The M40 motorway links London, Oxford, and Birmingham in England, a distance of approximately 89 miles (143 km).

The motorway is dual three lanes except for junction 1A to junction 3 (which is dual four lanes) a short section in-between the exit and entry slip-roads at junction 4 (which is two lanes in both directions) and also between the slip-roads at junction 9 (in the south-eastbound direction only).

An Active Traffic Management system operates on the short section north-westbound from junction 16 (A3400) to the M42.

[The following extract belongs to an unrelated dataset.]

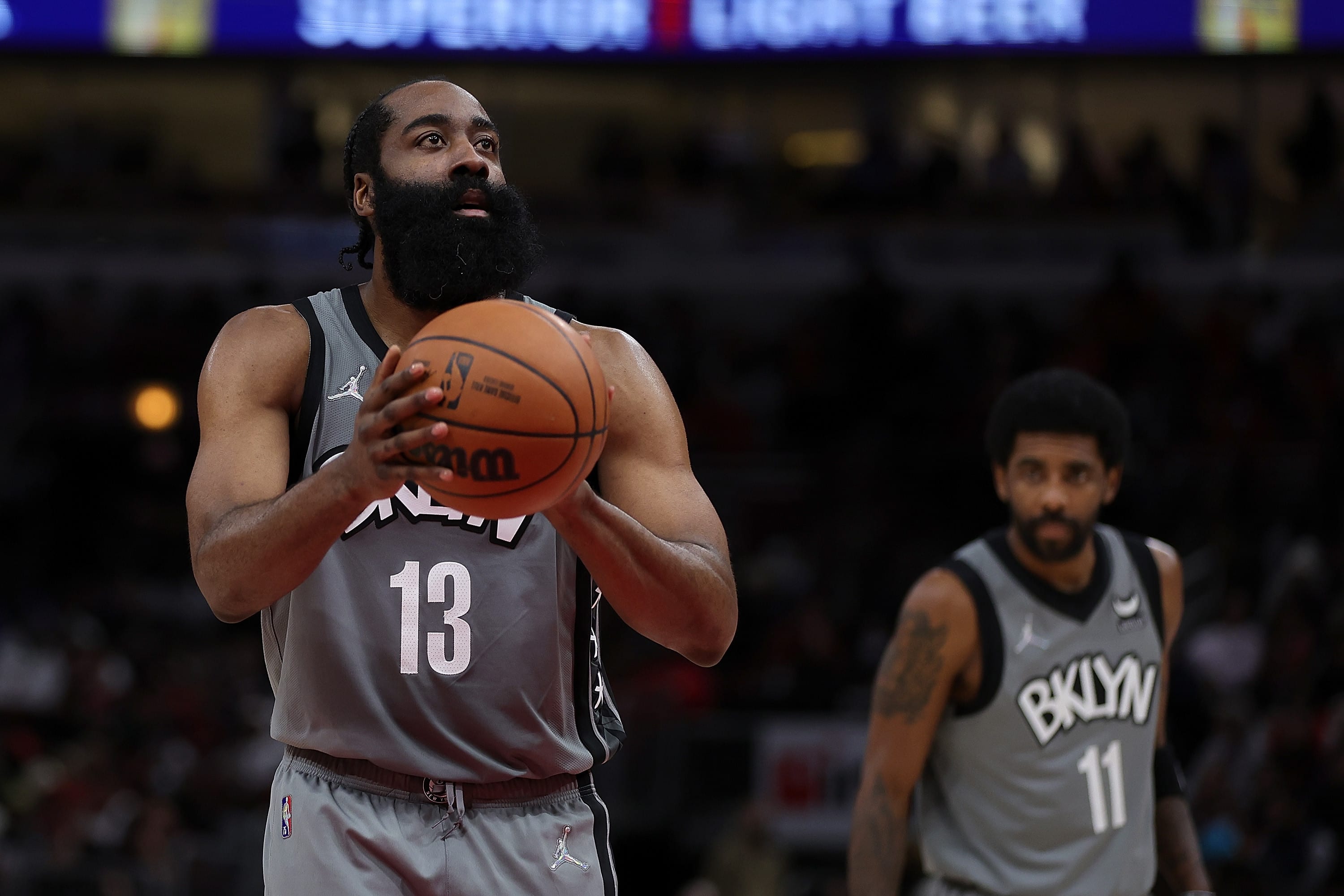 שחקן ברוקלין נטס ג'יימס הארדן, כשמאחוריו קיירי אירווינג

The motorway between London and Oxford was constructed in stages between 1967 and 1974. The first section opened in June 1967, from Handy Cross roundabout, High Wycombe to Stokenchurch (junctions 4–5). In 1969, extending in a southerly direction to Holtspur, Beaconsfield, a temporary junction 2 was opened. The section bypassing Beaconsfield was built in 1971 and the section past Gerrards Cross to junction 1 was completed in 1973. In 1974, the motorway between junctions 5 to 8 was completed to Great Milton.

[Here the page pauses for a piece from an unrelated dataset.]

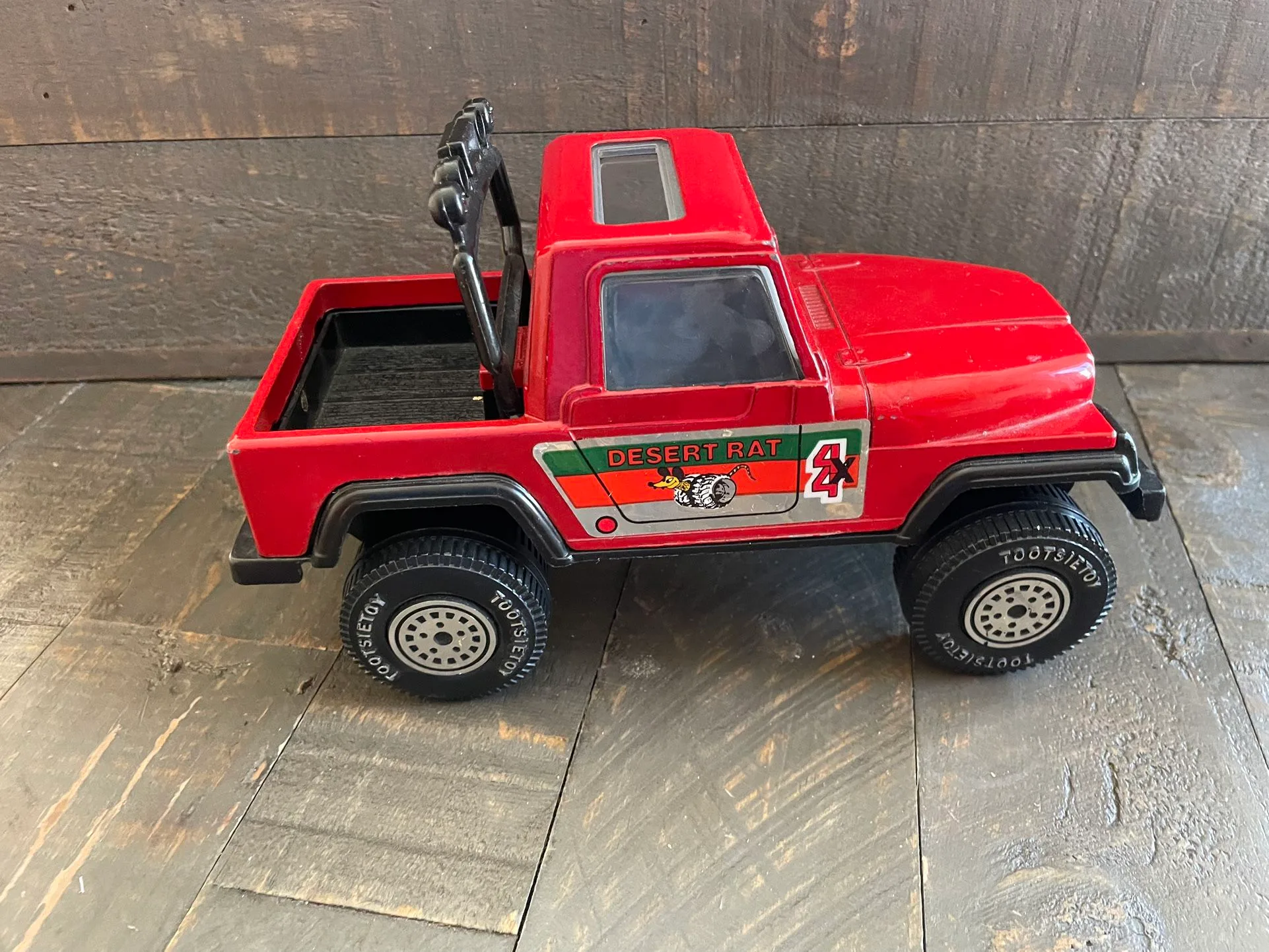 Vintage Tootsie Toy Jeep Desert Rat 4X4 Toy - photo 3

Between junctions 3 and 4, the beginnings of slip roads were built on both carriageways for a service area at Abbey Barns between Beaconsfield and High Wycombe. Beaconsfield services off junction 2 opened in 2009.

Late in the 1960s, not long after the first stretch opened, the Ministry of Transport announced the possibility of building a new motorway to link London with Birmingham as an alternative to the M1M6 route – as well as improving road links to the South Coast ports for The Midlands – but it was not until 1983 that the decision to extend the M40 from Oxford to the south of Birmingham was made.

The preferred route was altered to avoid Otmoor after a vigorous road protest, which included selling over 3,000 small squares of a field to people all over the world. The field had been renamed 'Alice's field' as a reference to Alice in Wonderland by Lewis Carroll who lived in the area at the time of the book's writing.

Construction began at Warwick in October 1987, with work on the section around Banbury starting in February 1988, and finally, the section north of Oxford in July 1989. The section between the M42 and Warwick opened in December 1989, and the remainder in January 1991.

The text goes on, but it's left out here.